Among the lines below, output only those between the line holding "Urban highway intersection" and the line holding "Wetterfeste Winterbader stürzen", inclusive, exactly as written and with no pictures.
◇ ◇ ◇ ◇ ◇
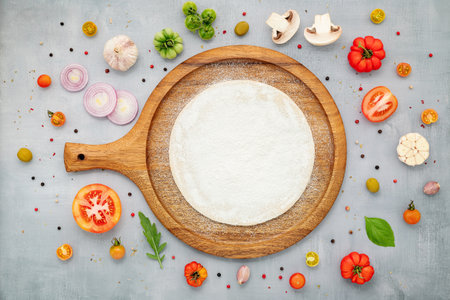 The ingredients for homemade pizza with wooden pizza tray set up on grey concrete background. top viewの写真素材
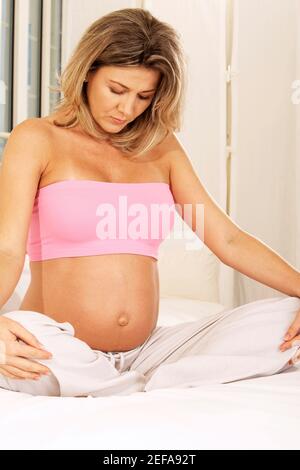 Pregnant woman sitting on the bed with her hands on her knees Stock Photo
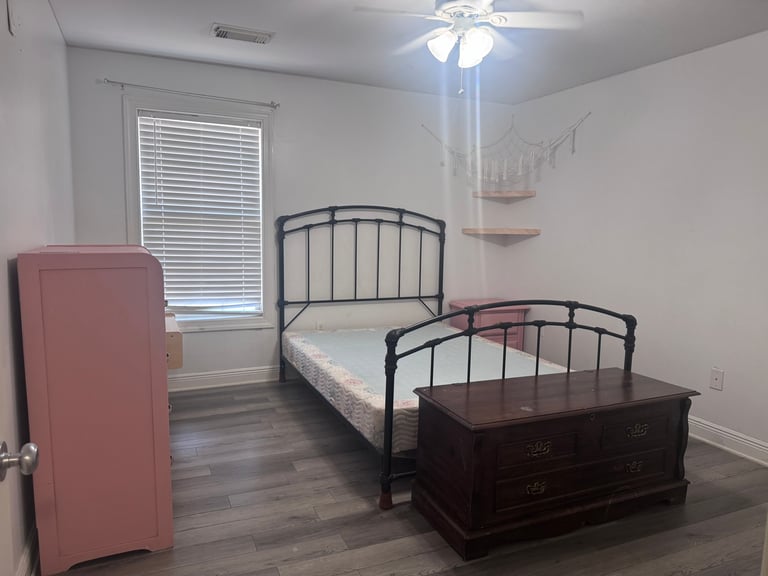Bright bedroom with twin metal frame bed, dark wooden chest, pink cabinet, window with blinds, and ceiling fan.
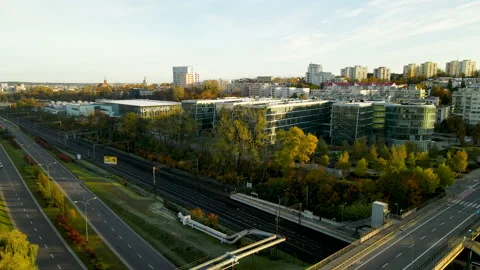 Urban highway intersection with glass skyscraper city buildings aerial Stock Footage 164016323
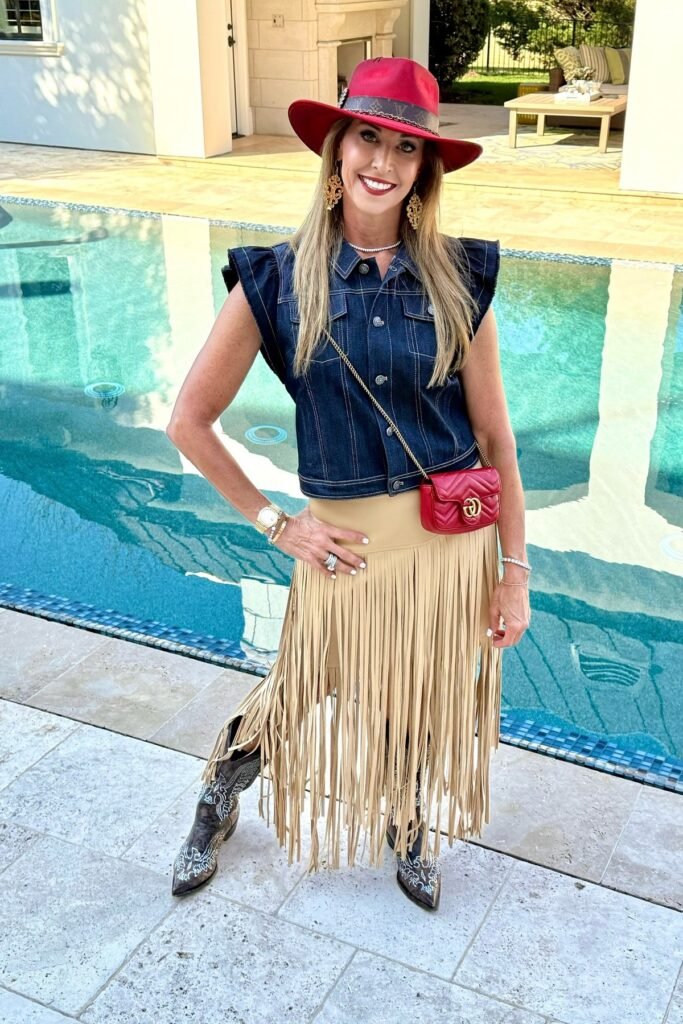 Dark Wash Denim Sleeveless Shirt + Tan Fringe Midi Skirt + Embroidered Brown Western Boots + Red Wide-Brim Hat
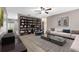 Spacious living room featuring built-in bookshelves and a cozy seating area at 106 Oregon Ave, Saint Cloud, FL 34769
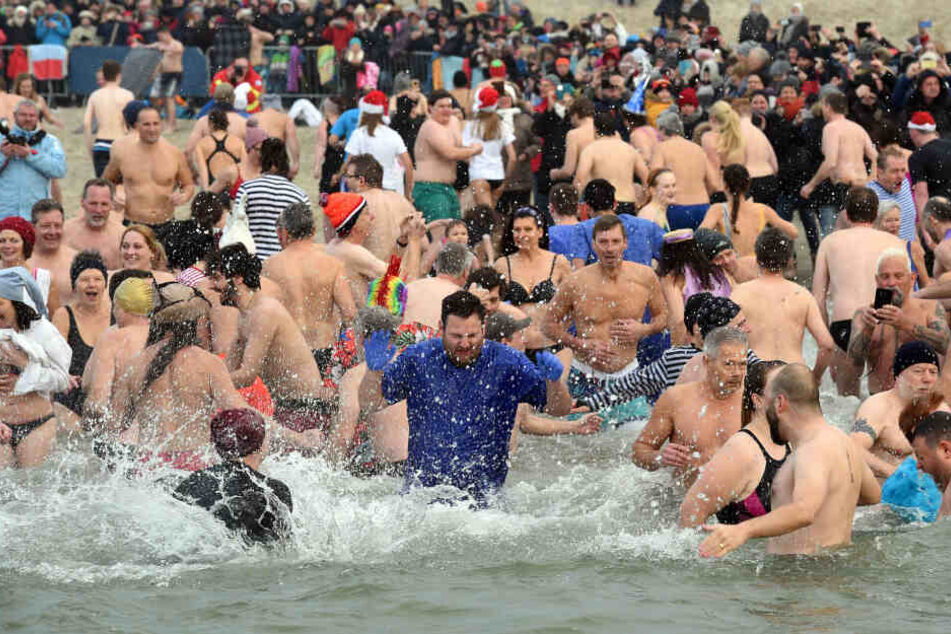 Wetterfeste Winterbader stürzen sich in das kalte Wasser am Strand.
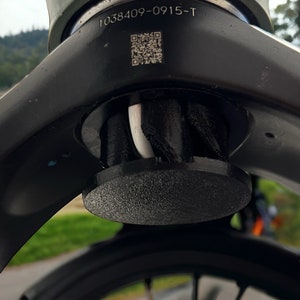 Peut inclure: Gros plan sur une fourche de vélo noire avec un câble blanc qui la traverse. La fourche est recouverte d'un cache en plastique noir avec une surface texturée et un code QR avec le numéro 1038409-0915-T.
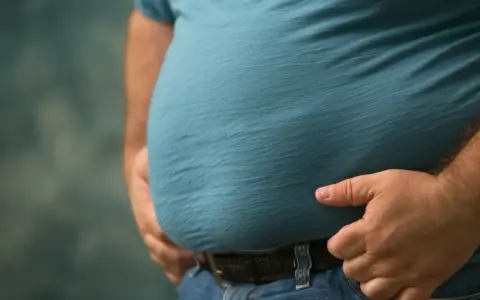 Mężczyzna z widocznym brzuchem, który może być oznaką zespołu metabolicznego.
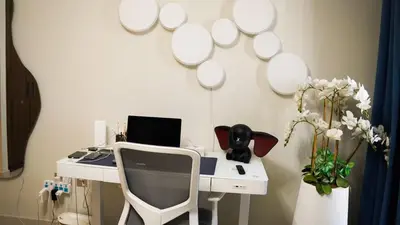 a white desk with a computer and a chair at VIDA Premier Deluxe - Creek Beach - Beachfront Bliss in Dubai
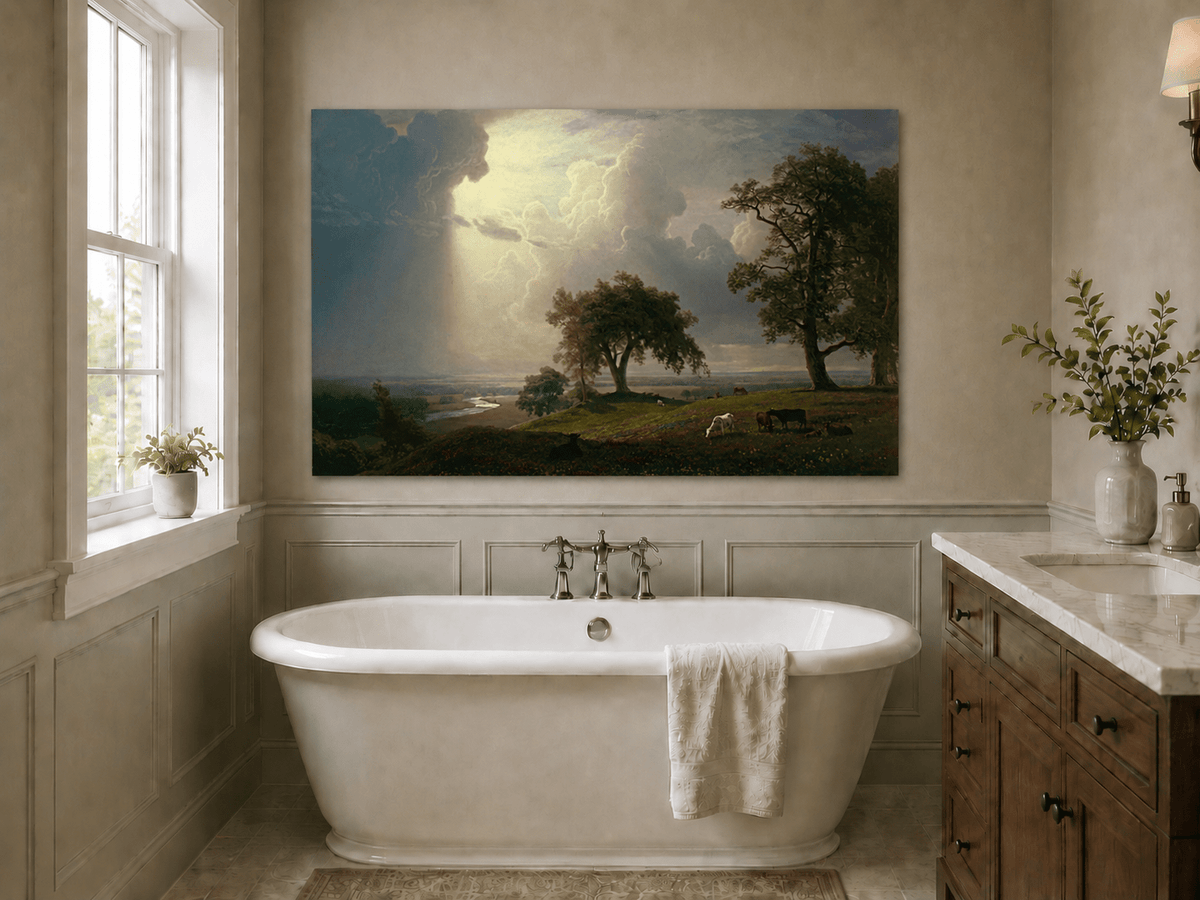 Unframed hand-painted prairie oil painting with cattle beneath dramatic sunbeams displayed above a freestanding bathtub.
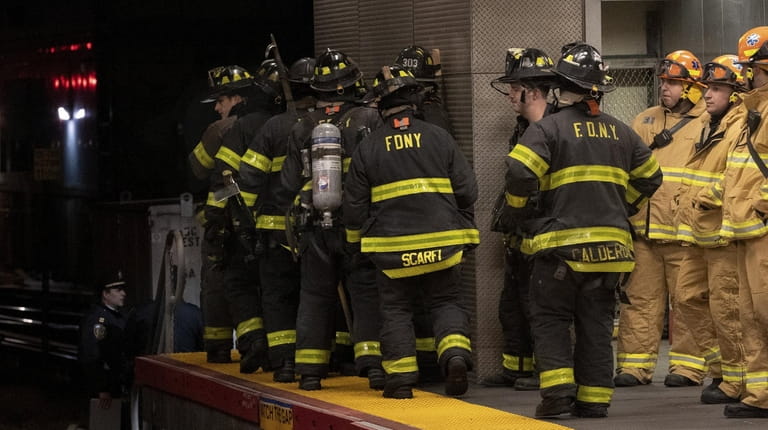 Firefighters respond to a train derailment at the Jamaica LIRR...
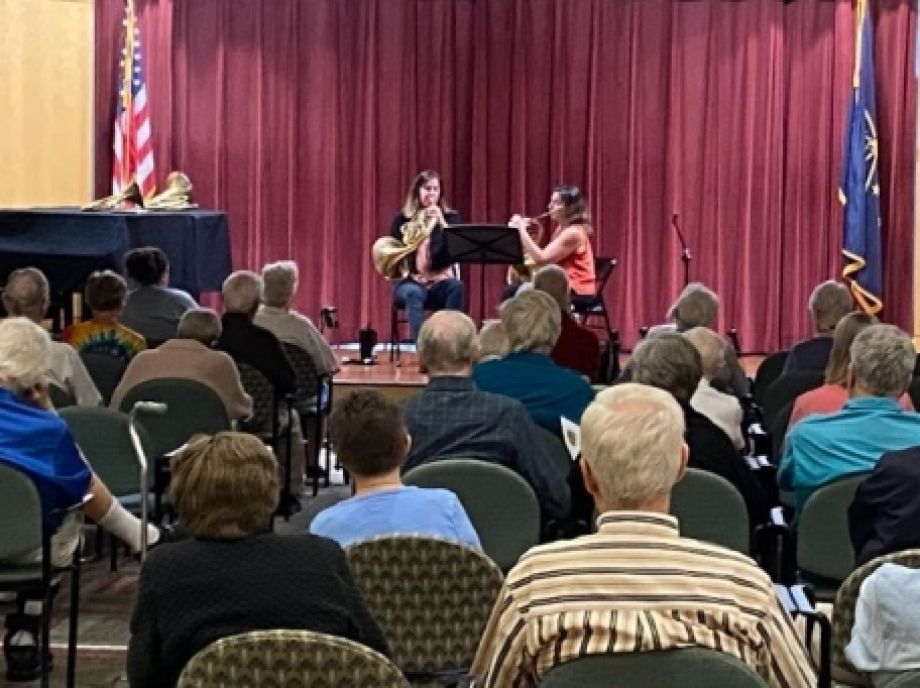Two Carmel Symphony horn players on stage at Marquette Manor Senior Living Center.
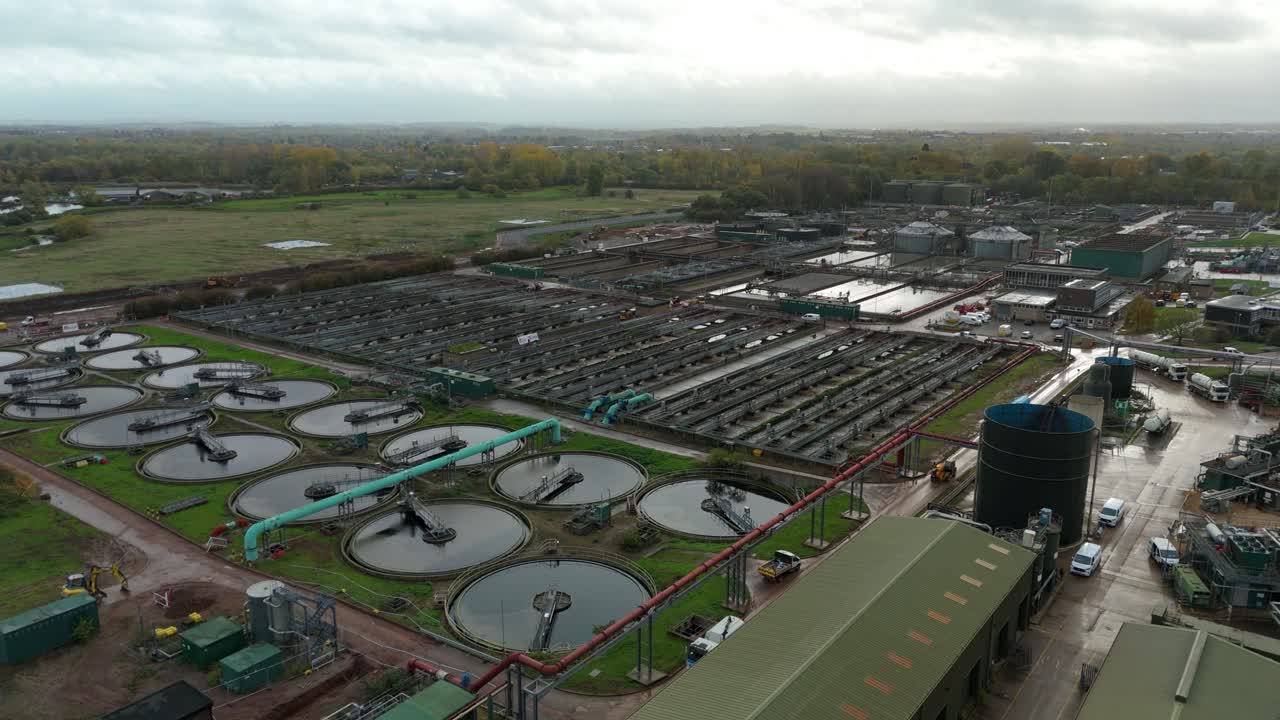 Overhead aerial drone footage of Severn Trent wastewater facility with circular tanks, sedimentation pools, silos and large scale layout Leicester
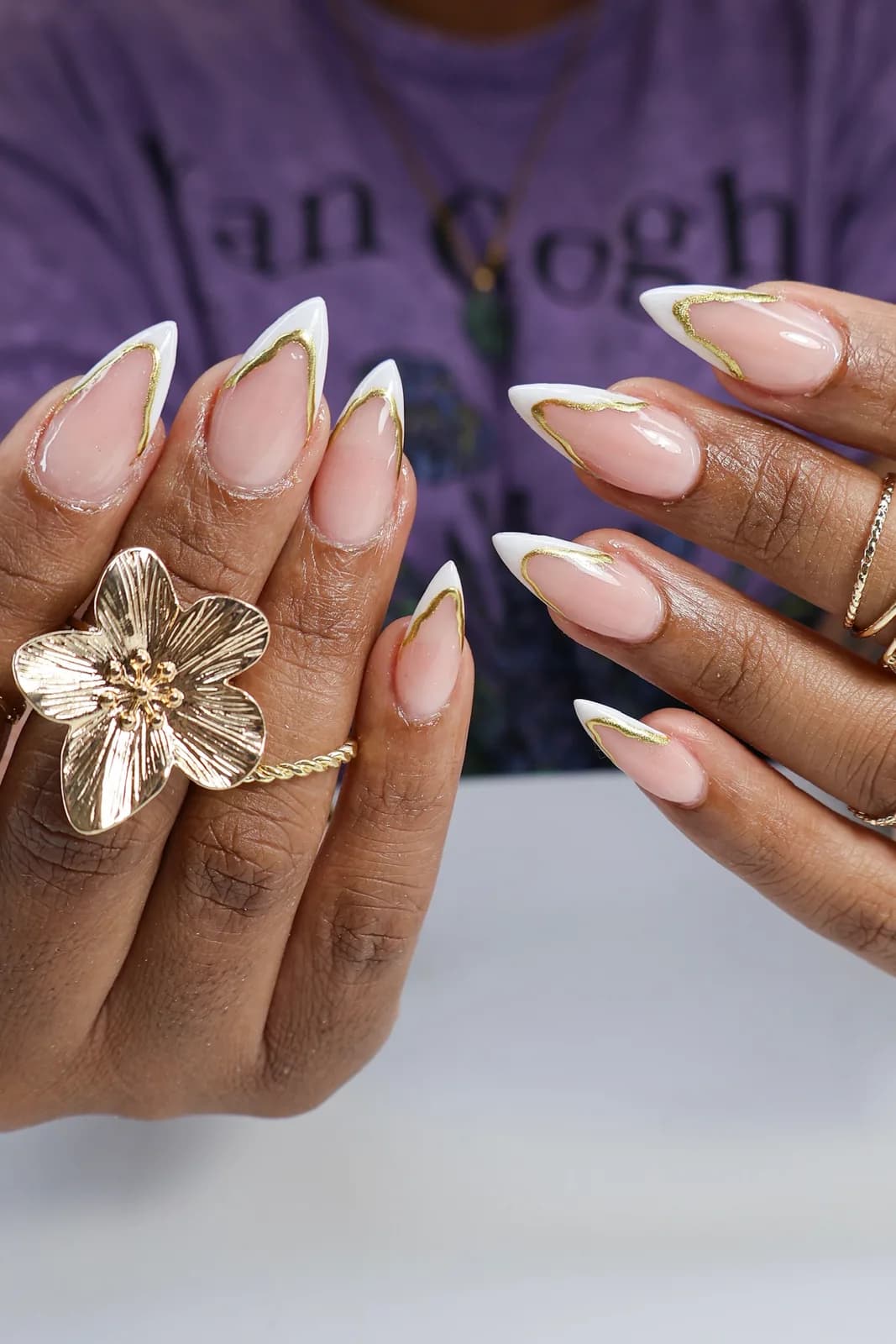 White French stiletto nails outlined in gold, created at King & Queen Nails & Spa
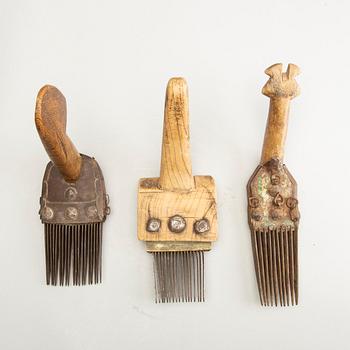 A set of 3 Persian carpet weavers combs and a wood printing block, 20th Century.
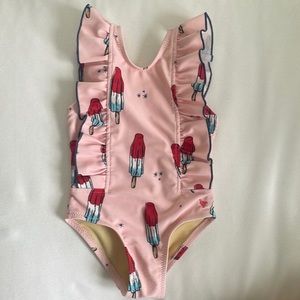 pink chicken baby swimsuit. Rocket pop!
◇ ◇ ◇ ◇ ◇
# Response box
 Urban highway intersection with glass skyscraper city buildings aerial Stock Footage 164016323
 Dark Wash Denim Sleeveless Shirt + Tan Fringe Midi Skirt + Embroidered Brown Western Boots + Red Wide-Brim Hat
 Spacious living room featuring built-in bookshelves and a cozy seating area at 106 Oregon Ave, Saint Cloud, FL 34769
 Wetterfeste Winterbader stürzen sich in das kalte Wasser am Strand.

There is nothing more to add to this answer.